This new trend has a name: "corporate venturing". There are two ways it works. The first is to get your employees to come up with great ideas for new businesses and then set up the best ones as new units, or new companies, with funding. The second is for corporates to start acting as venture capitalists, taking non-majority stakes in companies that look as if they might be future winners. Or both.

The best-known proponent of corporate venturing in New Zealand is Carter Holt Harvey, which has set up a $15 million New Ventures fund for venture capital investing. The biggest part of that fund is likely to be spent through its "i2B" (ideas to business) programme, launched on July 10, where employees are asked to come up with entrepreneurial ideas for potential development. Consultancy firm McKinsey said CHH would be doing well by international standards if they got a couple of hundred ideas from their 11,000-strong workforce. Instead, they received more than 500 ideas in the first eight weeks. CHH whittled these down to 16 ideas that have reached business plan stage, of which between three and five are likely to go through to development. Some may be set up as internal CHH divisions; others could end up as separate companies with the entrepreneurial employee and CHH both taking an equity stake.

CHH chief executive Chris Liddell says the rationale for New Ventures/i2B is one-third financial ("In less than five years, new ventures are going to add hundreds of millions of dollars to the value of this company") but two-thirds cultural. The process of whittling the ideas down has involved employees doing two-day workshops to develop business cases and being teamed up with senior managers as coaches. As the selection process drew to a close at the end of last year, some employees were working full-time on their business plans. All these people (including the senior managers) now have invaluable experience in what being an entrepreneur is all about, says Liddell, who believes the programme will help him create "a big, successful company with an entrepreneurial culture".


Unstuffing the culture

Isn't this all a bit risky? Tying up employees and management isn't cheap, and there's a risk of any ideas that are chosen falling over. Liddell believes the biggest risk for his company is in not going down the corporate venturing path. "If we put our heads in the sand and pretend that carrying on as we have been is enough to succeed, we will be disappointed. Corporate venturing is a key to adding value to our company ... We have a wealth of intellectual property and entrepreneurial potential in our people. When we unleash that, we will transform this company. It is going to be very exciting - and very profitable."

Remember, Finnish cellphone company Nokia used to be a pulp and paper company too.

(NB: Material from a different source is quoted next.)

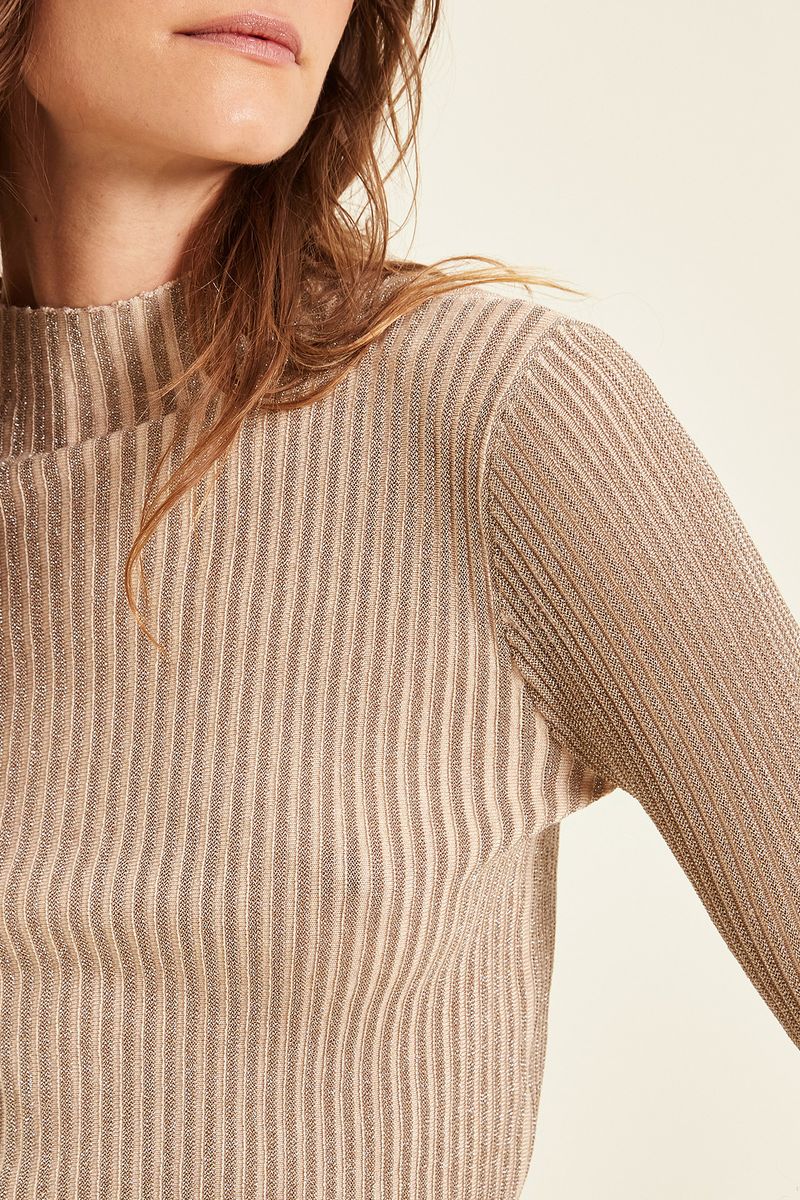 polera-alias-beige-40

Fletcher Challenge has also entered the corporate venturing fray recently - one of the outcomes of company restructuring in the second half of 2000 was setting up Rubicon, a "business developer".

"Rubicon will be an ongoing, active business, with a defined strategy to commercialise new technologies that have the potential to capture high-growth, high-margin opportunities in emerging industries," Fletcher Challenge chairman Roderick Deane said at the launch.

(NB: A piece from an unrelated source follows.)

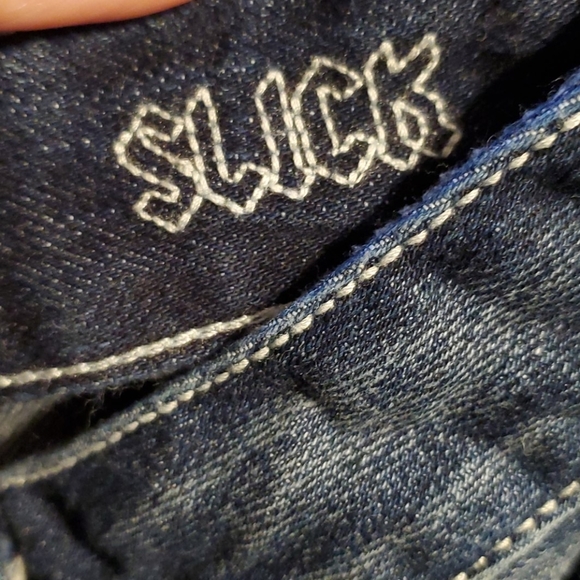 D9 Jeans - Picture 14 of 15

US chip-maker Intel is a prime example of the giant corporate-meets-venture capitalist side of corporate venturing. Having carved out its market position on its ability to innovate internally, Intel is now a major external investor in technology start-ups. In the third quarter of 2000 alone, Intel invested $US166 million in 33 venture capital-type deals. The company is in the venture capital business for both financial and strategic reasons, executives say. First, it can leverage off a large and growing set of relationships around industries in which it has an interest. Second, the more relationships it has, the more valuable the intellectual property it has access to, across the network it is creating. There are three possible outcomes for any successful company that emerges from the scheme: it could become part of the Intel group in the future; it could deal with the company in other ways, as a supplier, partner or customer; or it could be sold off at a profit.


Bottomless pit

Let's be clear. Corporate venturing is not all plain sailing. There's the chance all the ideas will be no-hopers, thus wasting finances and management time. There's the possibility of demotivating employees whose ideas don't get chosen, thus having the opposite effect to that intended. And given that most venture capital fails, there's quite a good chance you will pump heaps of your hard-earned corporate cash into an idea that, eventually, goes nowhere. That is what happened with FedEx's Zap Mail initiative, a combined fax and hard- copy delivery service that was finally canned after soaking up $US600 million over three years.

At the other end of the spectrum, there's yet another potential problem: that your stuffy corporate culture will stifle the entrepreneurial spirit the corporate venture part of the business is trying to foster. Take Kodak. Some time ago, the company realised it was getting slow and creaky (product evaluation and development cycles were around 15 years), and started up an internal corporate venturing programme. From 4000 ideas submitted, a measly 14 received the royal nod. But then, insiders say, corporate hierarchy applied the same suffocation that had been slowly strangling the company - exactly what the corporate venturing programme was supposed to put an end to. In the words of one of the venture managers: "Kodak took control away and killed the entrepreneurial spirit."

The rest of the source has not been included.